Unlike its sister event MTV Video Music Awards (which are broadcast live), the MTV Movie Awards (up to 2007) were taped and then broadcast a few days later. The entire production was taped in a completely different order than what the MTV viewing audience saw. For example, the show's host would tape all his/her monologues and introductions at one time, and all the musical acts would perform one after the other. Celebrities would often only appear at the live taping for the announcement of their award category, and members of the general audience fill-in their vacant seats during the other times. Through editing, MTV was able to present to its viewing audience an awards show which appears to be taped in live sequence, with celebrities remaining for the entire show. This method of production allowed profanity to be edited from the show and also is more convenient for the celebrities. The actual live taping aired same-day on pay-per-view channels in most metropolitan cities around the world. Some awards telecasts had also been shown in television syndication. However, in 2007, this changed, as MTV and Survivor producer Mark Burnett (who took over duties from Joel Gallen for the 2007 awards) announced that the 2007 edition would be broadcast live on MTV for the first time on June 3, 2007 in Los Angeles.
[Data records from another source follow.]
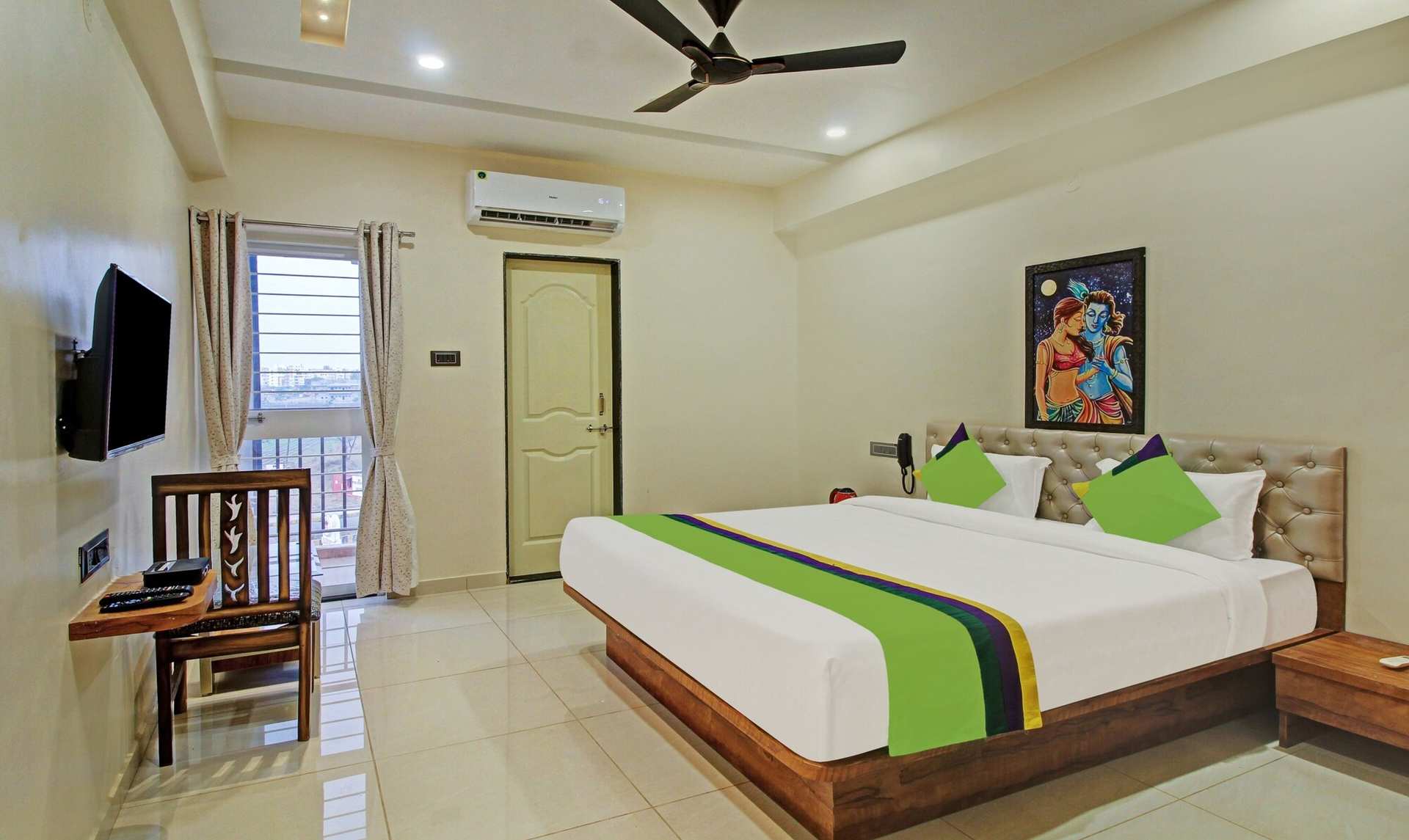 Treebo Royal Imperio, Hinjewadi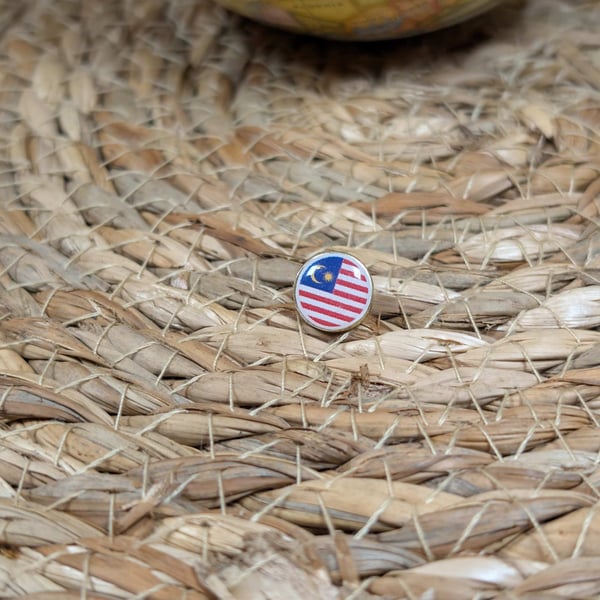Malaysia Flag Map Pin – Southeast Asia Travel Map Push Pin for Wooden Maps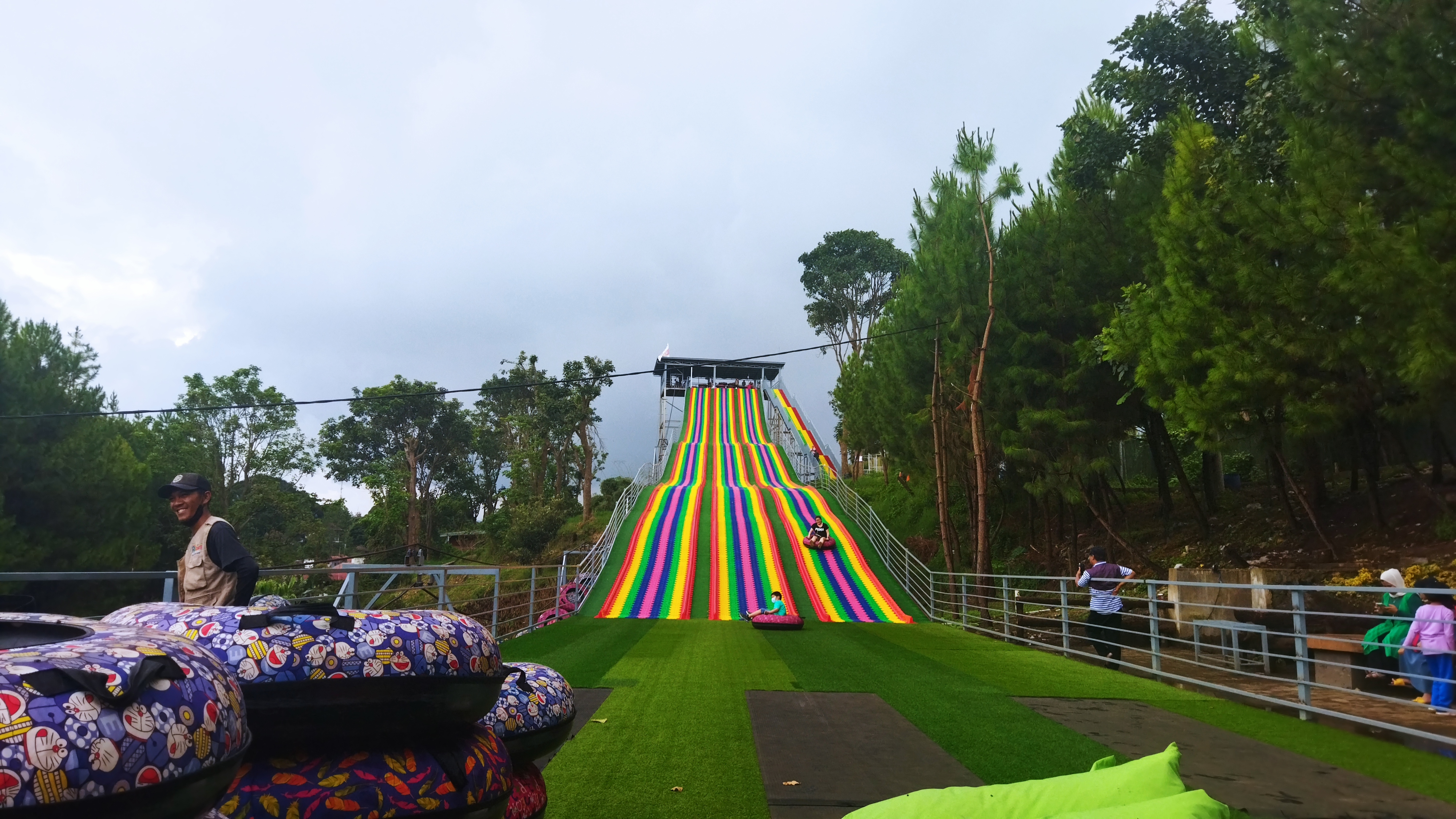 Sambut Libur Sekolah, Floating Market Siapkan Rainbow Slinde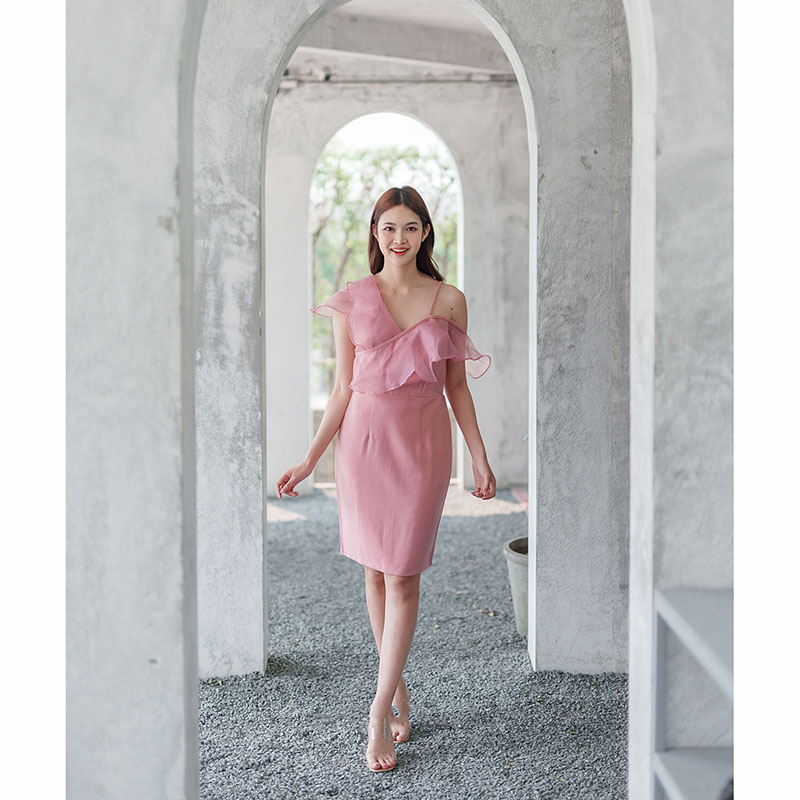 kudapy เดรสสั้นสีชมพู เดรสสั้นแต่งระบายผ้าไหมแก้ว แบบน่ารัก สวยๆ เรียบหรูดูแพง ชุดราตรี ชุดไปงานแต่งงาน ชุดออกงาน
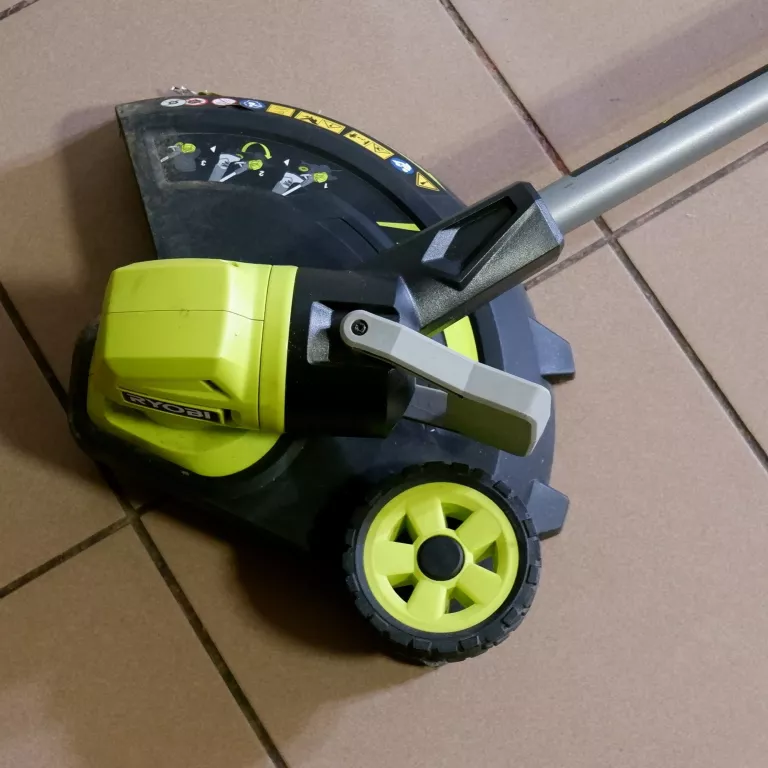PODKASZARKA AKUMULATOROWA RYOBI RY18LT33A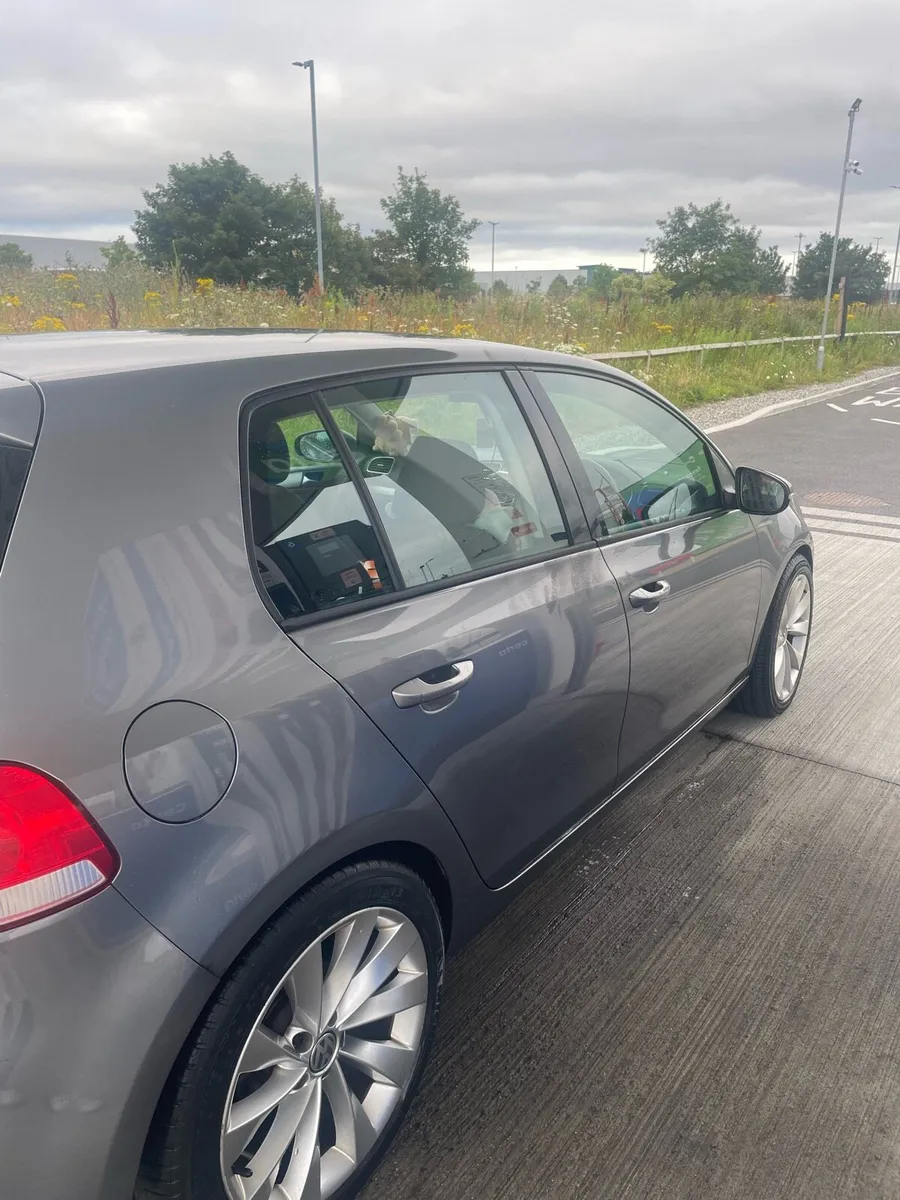 Volkswagen Golf 1.6 TDI S 2010 - Image 4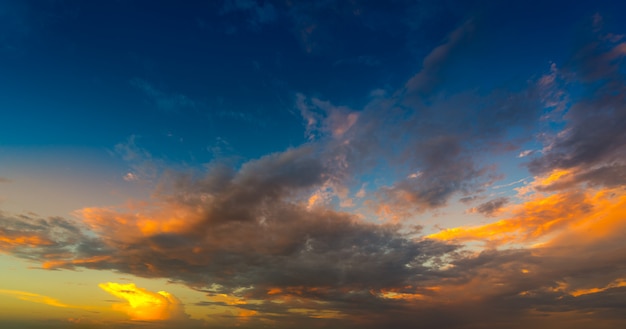 Cielo in tempo tramonto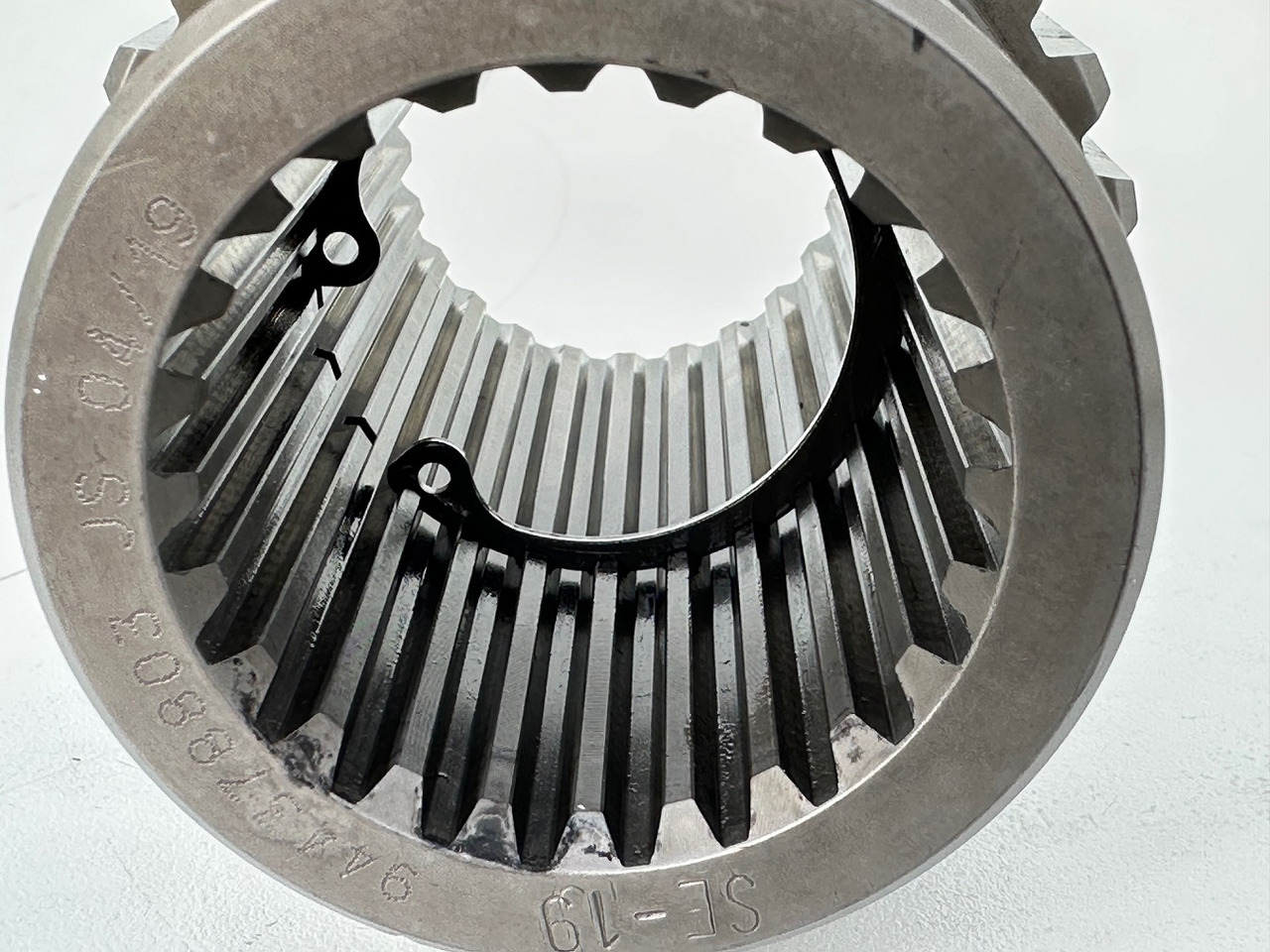 Liebherr Lamellenträger ID-Nr.9443788 - ID-Nr.944378803. FAT550, FAT550P046, FAT550P050, FAT600P081, FAT1000/102. #9443788.09.10.01# - Comando final de Escavadeira: foto 5 Liebherr Lamellenträger ID-Nr.9443788 - ID-Nr.944378803. FAT550, FAT550P046, FAT550P050, FAT600P081, FAT1000/102. #9443788.09.10.01# - Comando final de Escavadeira: foto 5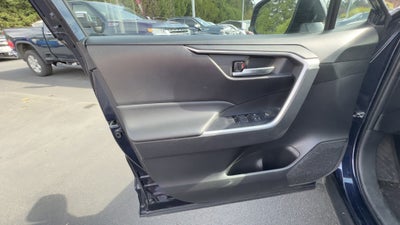 2022 Toyota RAV4 XLE AWD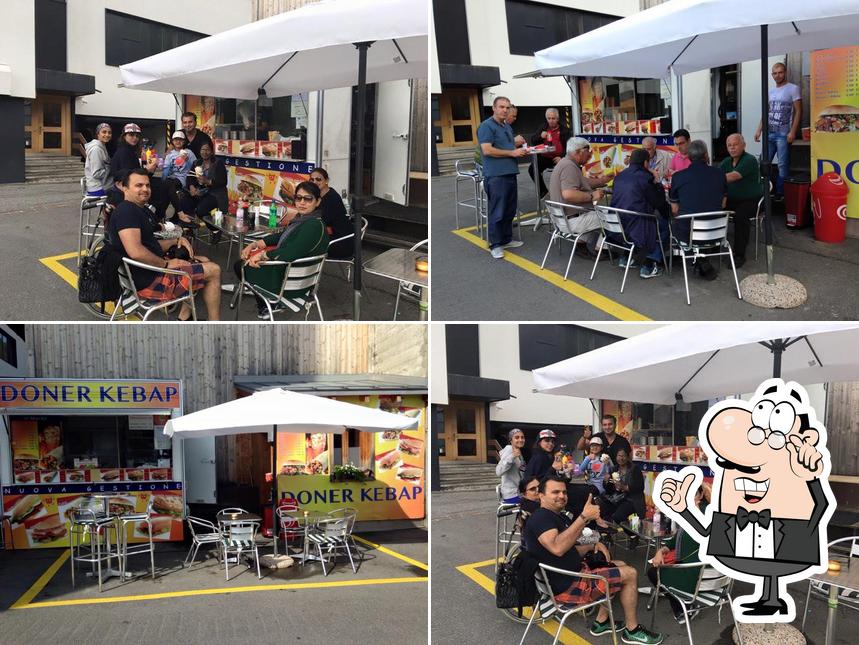 Siediti a un tavolo di Doner Kebab St.Moritz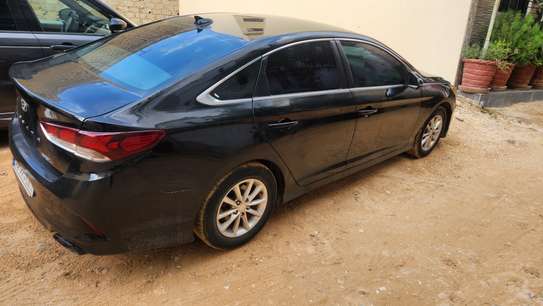 Hyundai sonata 2018 kms 119000 image 1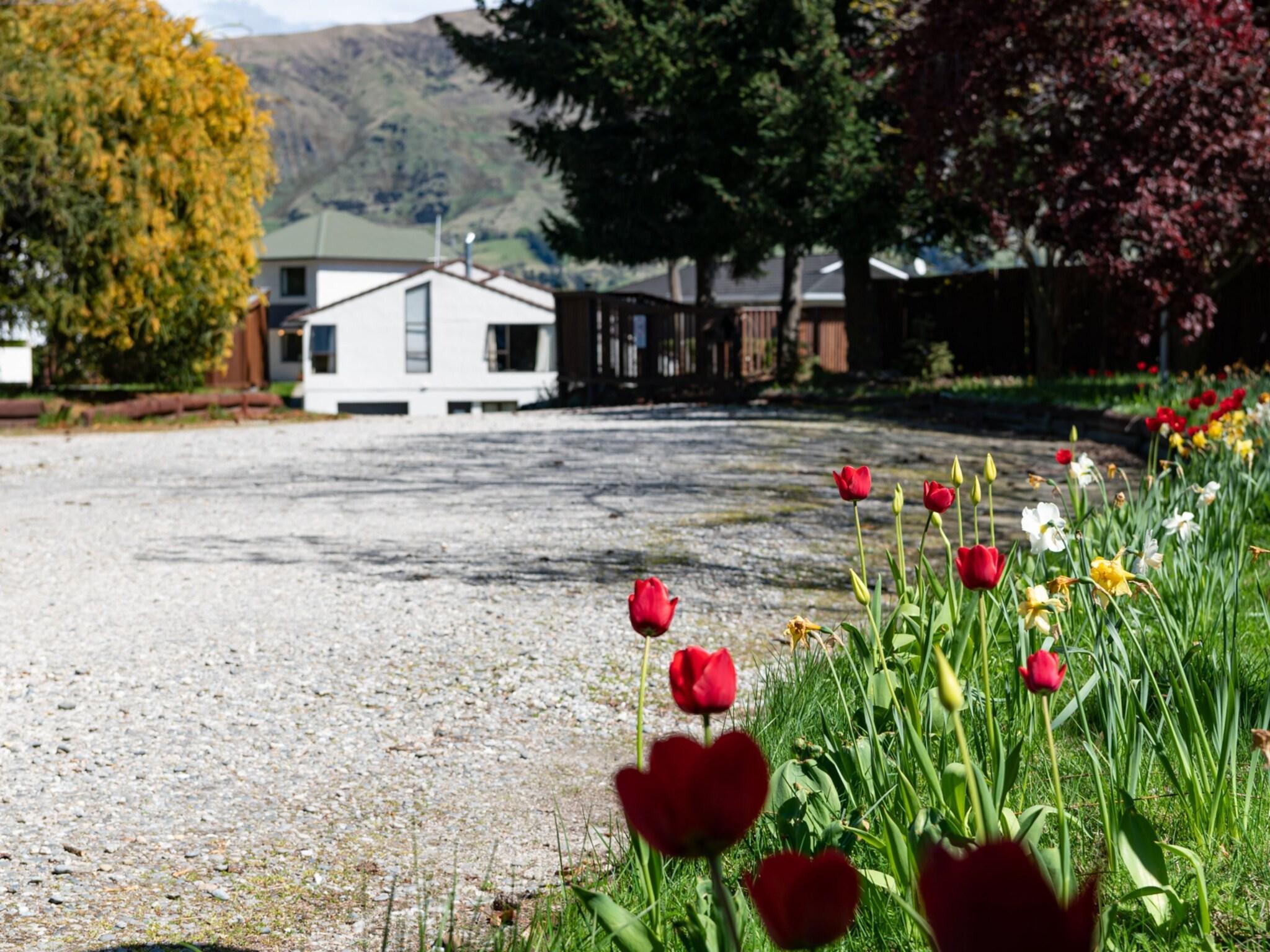 Archway Motels & Chalets by null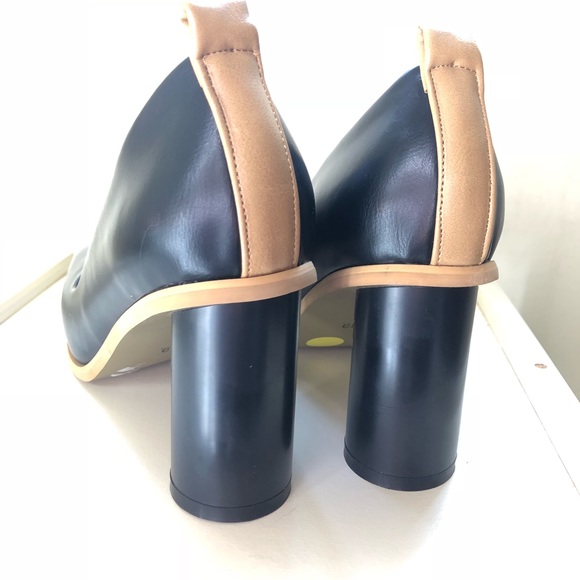 Black & Tan, square-toe cylinder heels. Size 39/9 - Picture 8 of 8
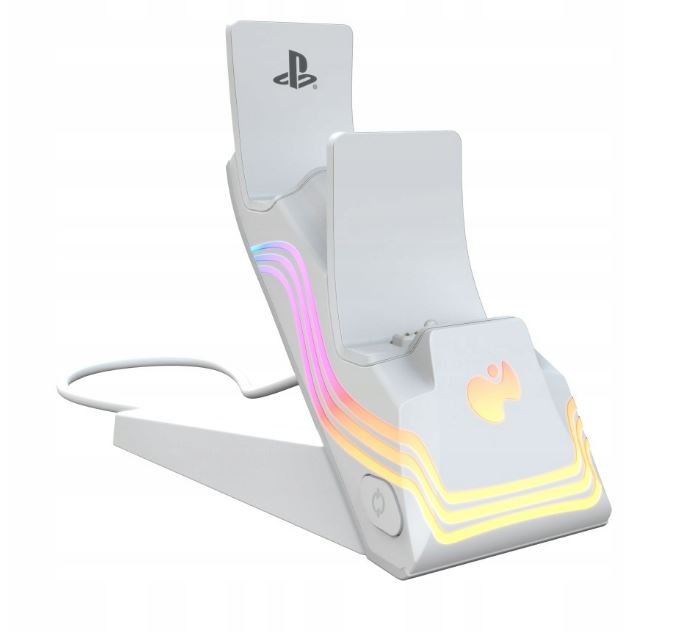 Biała ładowarka do kontrolera PS5 z kolorowym oświetleniem. Białe tło.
The 2016 broadcast was the first show since 2006 not to air live as the event was taped on April 9, 2016 before airing on Viacom's MTV networks the following day on April 10.
Since 2007, polls for several awards were voted by online users on MTV's official website.
The Lifetime Achievement Award was a tongue-in-cheek award for movie personalities who made an impact on popular culture. Prior to announcing the winner MTV would air testimonials from major Hollywood celebrities praising the winners greatness while only offering a slight tease as to who the winner was. Following Clint Howard's win and emotional reaction the award was discontinued.